◆ What the task asks:
The required output is the lines from the one with "Handmade Hammered Sterling" through the end of the data, repeated verbatim, with no pictures included.

◆ Given information:
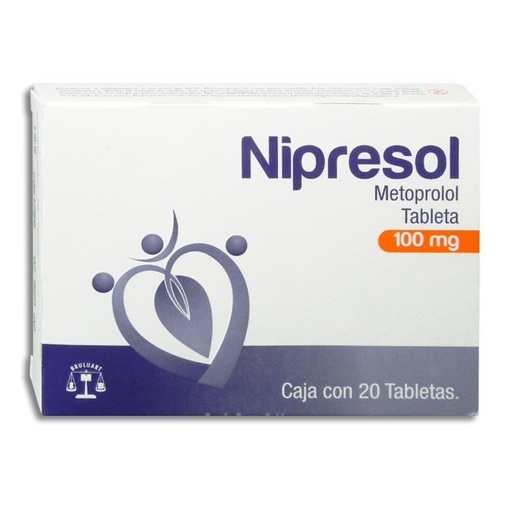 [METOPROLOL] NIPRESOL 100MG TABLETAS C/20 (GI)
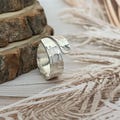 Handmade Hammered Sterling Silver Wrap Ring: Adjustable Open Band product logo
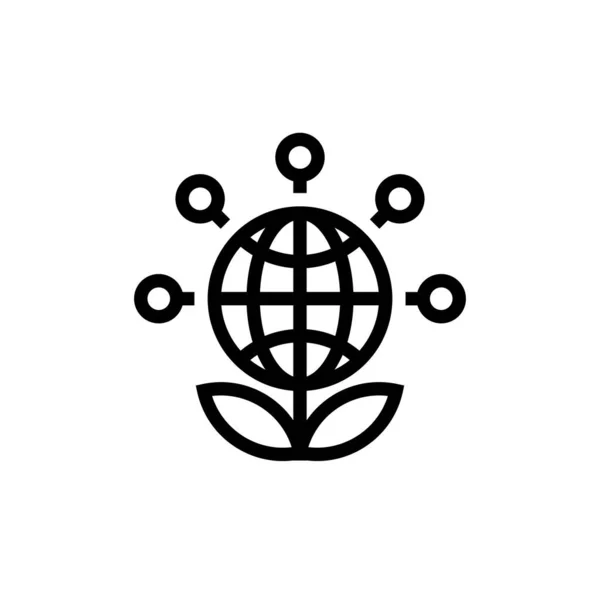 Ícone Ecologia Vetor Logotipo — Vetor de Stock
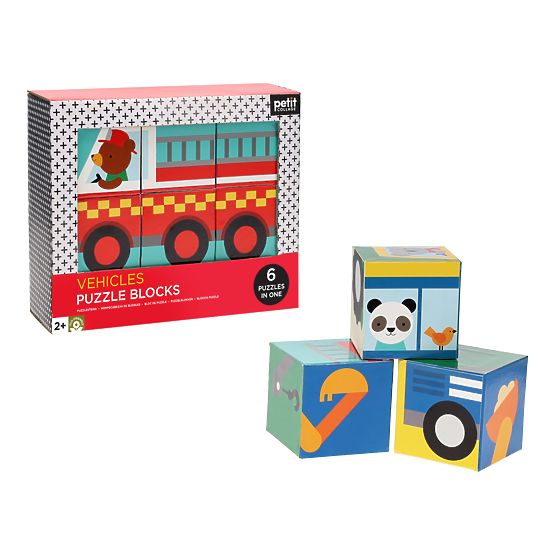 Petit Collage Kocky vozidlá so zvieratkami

◆ Solution for this problem:
 Handmade Hammered Sterling Silver Wrap Ring: Adjustable Open Band product logo
 Ícone Ecologia Vetor Logotipo — Vetor de Stock
 Petit Collage Kocky vozidlá so zvieratkami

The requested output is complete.